Friday 5 September 2008 in his presence.


"Yalla Go!" monitoring of "back to the wall"



Jean-Pierre Thorn seems to have a unique relationship with time. In 1968, he threw himself alone at first, with a small camera Pathe Webo and a tape recorder not synchronous, in the heart of the strike by workers at Renault-young Flins, before being joined and supported by talented technicians (Bruno Muel, Antoine Bonfanti, Yann Le Masson ...). Thanks to Jean-Luc Godard, he shoots in May 1969, four copies of Dare to struggle, dare to win and it saves one of his comrades of the Maoist People's Cause, which, following a court "popular", describe the film "liquidator". It was not until 1978 that Dare struggle, dare to win real traffic, in a program established in 1968 by the author. A year later, Jean-Pierre Thorn withdrew his film distribution networks. The withdrawal lasted twenty years.
Meanwhile, between 1969 and 1978, the filmmaker has made worker, "established" plants Alsthom of Saint-Ouen. A few months after leaving the factory in October 1979, the sit-down strike, as required, then explodes. His comrades seek, Jean-Pierre Thorn back with his camera and his film friends (which, again, Bruno Muel), he emerges with his back to the wall (1980), probably his masterpiece, one of the best films in any event on a workers' strike. It was probably at that time, a priori, that Jean-Pierre Thorn seems to have been the more "synchronous".
For his first fiction, I've got you under the skin narrating the life of a Communist trade unionist, a former nun who committed suicide after his exclusion and "the arrival of the Left in Power (1981), could not out in 1990 in a political context radically different (and completely heartbreaking). It also had a significant contribution to the public failure of the film. After Generation Hip Hop or the movement of ZUP (1995) and Angels Make Kifer (1996), we can understand the deep nostalgia that crosses were not registered bike (2002), centered on the personality and destiny of Bouda, Hip Hop dancer whose career was shattered by the application of double and triple penalty. In fact, through the work of Jean-Pierre Thorn, between rage and bitterness, nostalgia pierces or violent secret that reflects moments lost and unfinished: the strike we would have won if ... the career he might have done if ... Implicit in this discourse is probably hiding the director's own cracks: Revolution or strikes that would have won, the other films I should have done ... But it is precisely this nostalgia and in this bitterness, in this meantime, what has built the work of the filmmaker.
own titles of its three main documentary also refer to developments of our time: an attitude of conquest of the working class (or those who want to be his heralds) to an attitude defensive, an attitude of defense of the working class once imagined, and now so badly, in an attempt to survival of young from working class backgrounds. Inside-of his work, Jean-Pierre Thorn, editor himself, excelled in some of his films, by the time it establishes. Dare to struggle, dare to win, which the assembly is molded of Eisentein theories, is well beyond even the pamphlet (very) dogmatic, a beautiful epic. The back wall, inspired by the ideas of direct cinema expressed in particular by Barbara Kopple in his masterpiece Harlan County USA, introduces him, another report in time. Here of historical narrative leading to a revolutionary incantation and prophecy angry, but real work on the time of the strike and its actors (leading to a bitter conclusion). Meanwhile Jean-Pierre Thorn has actually known the time of factory work, and if his sincerity is always absolute, it has greatly increased the quality of listening, dialogue and observation - the wages necessary documentary work. (From this angle the first fiction of Jean-Pierre Thorn seems to be a regression, as the irruption of reality and time dilation does not appear to have a place in the juxtaposition of color prints and the pageant).
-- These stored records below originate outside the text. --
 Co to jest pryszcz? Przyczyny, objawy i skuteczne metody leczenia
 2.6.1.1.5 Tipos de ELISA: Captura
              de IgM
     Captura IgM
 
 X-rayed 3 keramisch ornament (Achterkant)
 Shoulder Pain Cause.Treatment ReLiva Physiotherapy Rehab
Jean-Pierre Thorn also appears as a filmmaker in his relation to space. All the space of Dare to struggle, dare to win stands in the factory compound and its relationship with the outside, the two worlds are separated by fences. We find a similar geography in the back wall - and Similar scenes (up stairs of the factory workers on strike). Between two space-worlds, between the factory workers and reinvest outside the yellow link where threatening and CRS, always pierce the nostalgia of a cons-attack almost militarized, fiction, and the temptation to organization of violence, a reconquest of the world beyond the physical and symbolic barriers. The world of factories and workshops is one of the fathers of children of hip-hop, they have a horizon HLM bars, gates and gateways of the RER, roofs and basements of large groups. When the young dancers are not registered bike perform their choreography is enclosed within four walls, bounding and rebounding in a confined space. Any work of Jean-Pierre Thorn tends to reclaim and expand the space, breaking the walls, climb and catch up. Hence, generally, this immense feeling of bitterness.
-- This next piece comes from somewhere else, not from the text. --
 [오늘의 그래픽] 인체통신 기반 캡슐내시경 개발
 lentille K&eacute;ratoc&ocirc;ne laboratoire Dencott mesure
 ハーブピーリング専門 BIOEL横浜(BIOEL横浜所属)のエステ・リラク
In fact, some films of Jean-Pierre Thorn came out at an inopportune moment, the filmmaker and the citizens were often in symbiosis with their time, sometimes ahead of it. In the early 80s, then it is permanent union of the audiovisual section of the CFDT (before being ruled out of the confederacy), he is an early interest in creating video in relation to councils. It also organizes, managing to work the CGT and CFDT in Nantes and Saint-Nazaire, a video festival of labor organizations. Co-founder of ACID (Association for an independent film), Jean-Pierre Thorn has campaigned a lot in summer 2003, with rigor, to defend the regime of the entertainment at the expense of the release of his latest documentary. Jean-Pierre Thorn and those who prove by their actions and their films, even if it does not like the phrase, the words "filmmakers" and "activists" are sometimes incompatible. On the contrary.

Tangui Perron, in charge of heritage and film in Seine-Saint-Denis


Go Yallah!



The combination of a caravan for an ambitious mission to make women aware of their rights on each side of the Mediterranean. After crossing their path, Jean-Pierre Thorn decides to film their daily struggle. The director makes with a relevant staging a tribute to those humanists shade.
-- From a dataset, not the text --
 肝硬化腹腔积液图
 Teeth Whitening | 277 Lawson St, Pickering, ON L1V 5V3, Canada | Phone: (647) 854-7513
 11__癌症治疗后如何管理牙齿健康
The caravan from Algeria, Morocco, France. They decided, by conviction and through their experiences, promote the cause of women by teaching them their rights. That would obviously turn a blind eye to pretend that such education is unnecessary, while in France die each year nearly 400 victims of domestic violence (according to The Right to Know, 1999, which also pointed the figure of 2 million battered women in France). Zorah Sadik and others, the "caravan", have decided to fight back gently, to promote discussion and education. Jean-Pierre Thorn was impressed, he decided on adopting a more discreet form of tribute to that fight. He films, simply, the caravan in action every day, going door to door, organizing meetings - debates ... It occurs only very little, leaving his subjects speak: they have much to say.
If expressed little direct manner, the director is present through much of the assembly. The film never stops to compare two caravans, one located in Morocco and one in France, in the region Lyon. The finding, the French side is overwhelming. Between a country still viewed as somewhat socially backward and the "country of human rights", the contrast looks often at the expense of France. It was in France that we find the most extreme women "anti-feminist," they are treated terribly macho culture and patriarchal. Faced with such attitudes, caravan are careful not to look down: the fight for women's rights has already seen enough of lecturing ... As always, they respond by listening and dialogue. Director not directly express their disapproval, and give their place to these views as to others. Remains for the viewer to form an opinion, which will, hopefully, no doubt.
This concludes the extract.